Philip G. Alston arrived in Washington last fall on a mission from the U.N. Human Rights Council to document poverty in America. At his first meeting, Alston said he was told by a senior State Department official that his findings may influence the United States' membership in the human rights body.
“A senior official said to me my report could be a factor in whether the U.S. decided or not to stay in the council,” said Alston, U.N. special rapporteur on extreme poverty and human rights, who declined to name the official. “I think I was being sent a message.”
Two other people at the meeting, speaking on the condition of anonymity, confirmed Alston's account. State Department spokesman Noel C. Clay declined to comment on the meeting, which was held Dec. 1 at State.
U.S. Ambassador to the United Nations Nikki Haley announced this week that the United States would withdraw from the Human Rights Council, citing what she called its bias against Israel. Haley also threatened a U.S. departure in 2017, saying the council whitewashed dictators' abuses. Conservatives have for years pushed for the United States to withdraw from the body, which investigates allegations of human rights abuses in U.N. member states.
On Friday, a spokesman for Haley said that Alston's report, which was published this May, “had nothing to do with our decision to leave the Human Rights Council.”
But the fact that a State Department official had made the connection between the forthcoming report and U.S. participation in the U.N. panel underscores the Trump administration's sensitivity to criticisms of its policy.
“It was in the opening comments by State [officials]," said a second attendee at the meeting, speaking on the condition of anonymity because the person was not authorized to disclose what happened. “The impression that I got was that if this rocked the boat too much, it could be detrimental to the U.S.'s continued involvement in the U.N.'s human rights mechanisms.”
The 20-page Alston report found that the United States has among the most chronic rates of poverty among all nations in the developed world and that President Trump's policies are likely to exacerbate them. Liberal critics seized on Alston's findings to say the Trump administration was failing to help the nation's poorest citizens.
But in a letter to Sen. Bernie Sanders (I-Vt.) released Thursday, Haley argued that the council should instead focus on developing countries like Burundi and the Democratic Republic of Congo.
“It is patently ridiculous for the United Nations to examine poverty in America,” Haley wrote. “In our country, the President, Members of Congress, Governors, Mayors, and City Council members actively engage on poverty issues every day. Compare that to the many countries around the world, whose governments knowingly abuse human rights and cause pain and suffering.”

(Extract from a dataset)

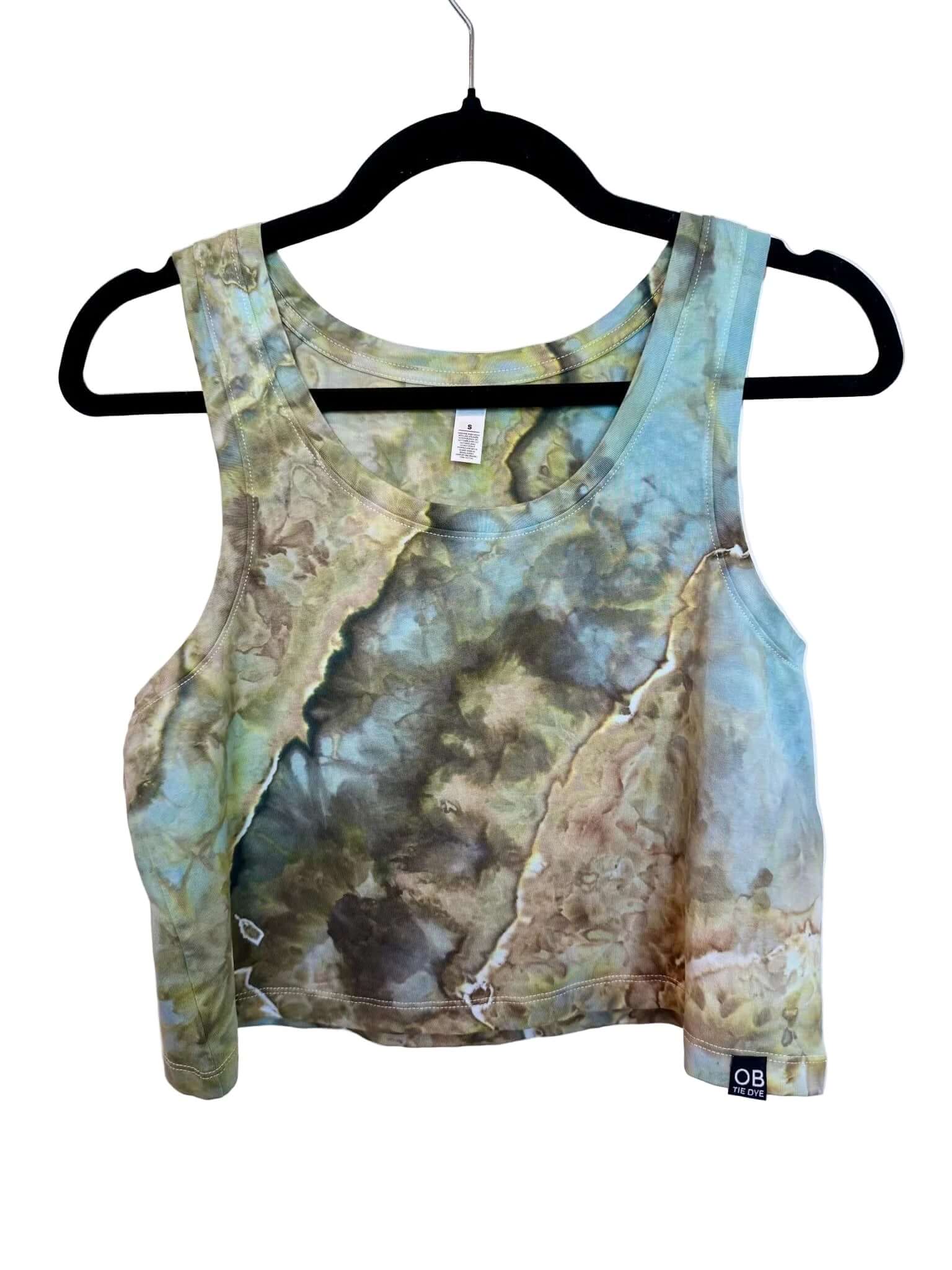 Front view of blue, green and earthy brown hand ice-dyed women’s crop tank on hanger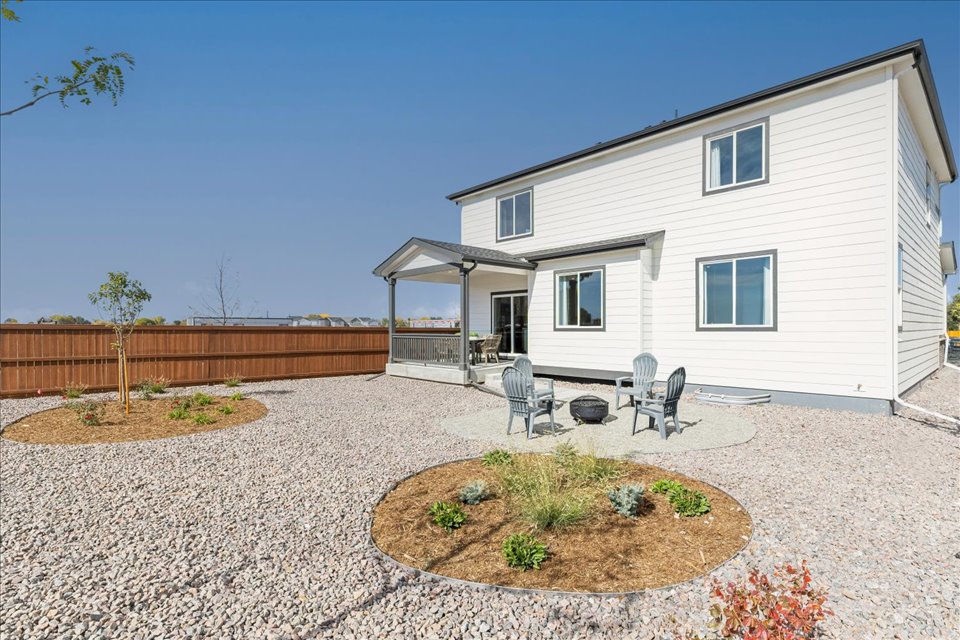 A house with a patio and a table and chairs in the front.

Alston formally presented his findings to the Human Rights Council in Geneva on Friday, arguing that "when one of the world’s wealthiest countries does very little about the fact that 40 million of its citizens live in poverty, it is entirely appropriate for the reasons to be scrutinized."
Kenneth Roth, executive director of the advocacy organization Human Rights Watch, said he believed the U.S. decision to leave the council was motivated primarily by Israel policy, but he said Alston's presentation might have sped it up.
"The driving factor was Israel, but the timing could have easily been affected by a desire to not be in the room when Alston reported on the U.S. going backward in not addressing poverty," he said.
Alston said he was initially invited by the U.S. government under President Barack Obama to study poverty in America. The invitation was extended again by U.S. officials under then-Secretary of State Rex Tillerson in 2017, he said.
“We look forward to welcoming Mr. Alston to the United States for a country visit this December,” Flacelia Celsula, part of the U.S. delegation at the United Nations, said in a meeting of the Human Rights Council on June 8, 2017.
The report said the United States has the highest rates of youth poverty, infant mortality, incarceration, income inequality and obesity among all countries in the developed world, as well as 40 million people living in poverty. Most of the statistics cited in the report date from 2016, before Trump was elected.
Alston said the comments from the State Department official did not influence his work.